# Critique my Story!



## Crazydaisy (Nov 19, 2016)

This is the story that I made on FA called FurryWorld and I won't tell you what's the story is about because I'll spoil the  story. Tell me what you think about it. The link is down below.

www.furaffinity.net: FurryWorld Story Part 1 by Crazydaisy


----------



## Rivercoon (Nov 19, 2016)

There is a separate section for critiques. forums.furaffinity.net: Tutorials & Critiques


----------



## sans-uchiha (Dec 17, 2016)

It's pretty poorly written, just to be honest.  It's not tremendously bad or even unsalvageable, but you need to refine your grammar, spelling and formatting.  You also need to work on your writing prose/voice in general.  I would suggest reading more books and picking up a clearer voice, then give writing more practice.


----------



## Crazydaisy (Dec 18, 2016)

sans-uchiha said:


> It's pretty poorly written, just to be honest.  It's not tremendously bad or even unsalvageable, but you need to refine your grammar, spelling and formatting.  You also need to work on your writing prose/voice in general.  I would suggest reading more books and picking up a clearer voice, then give writing more practice.



Yeah this is my first story I've written...


----------



## reptile logic (Dec 20, 2016)

The work feels like a rough draft to me.
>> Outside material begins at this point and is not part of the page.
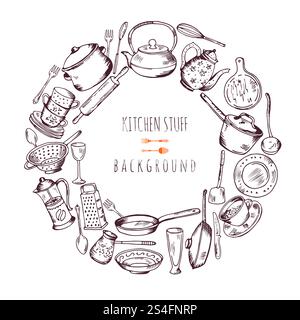 Hand drawn cooking icons in circle shape. Vector line illustration. Frame emblem with kitchen tools pot dish and spatula, different kitchen tools design. Hand drawn cooking icons in circle shape. Vector line illustration Stock Vector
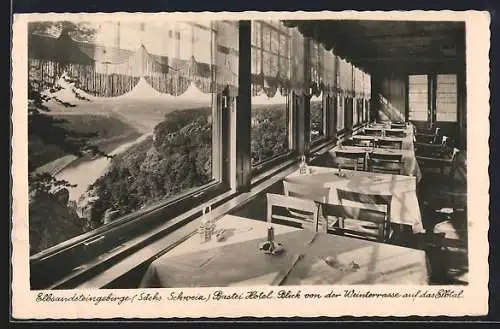 AK Bastei /Sächsische Schweiz, Bastei Hotel, Blick von der Weinterrasse auf das Elbtal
Follow @sans-uchiha 's advice. Remember, you are painting pictures, and attempting to incite an emotional response in your audience, with your words. if your intentions are not clearly written on the page, the reader may draw pictures and conclusions much different than what you had intended. Read the work aloud, as if you are reading to an audience, and if it feels flat or just doesn't come out the way you feel it inside of you, then work on it some more. Re-phrase, juggle the words to bring out what you really intend for the reader to draw from your writing. Sometimes something as simple as adding or relocating a comma can dramatically alter the way the sentence comes across in the reader's mind. Sometimes you'll just have to chuck a few lines in the trash, so to speak, and try again. Practice, practice...

As a published author, I'm very new to the scene. Please take this advice with the knowledge that this author is still learning the craft as well, and hopes to continue to learn and improve for many years to come.


----------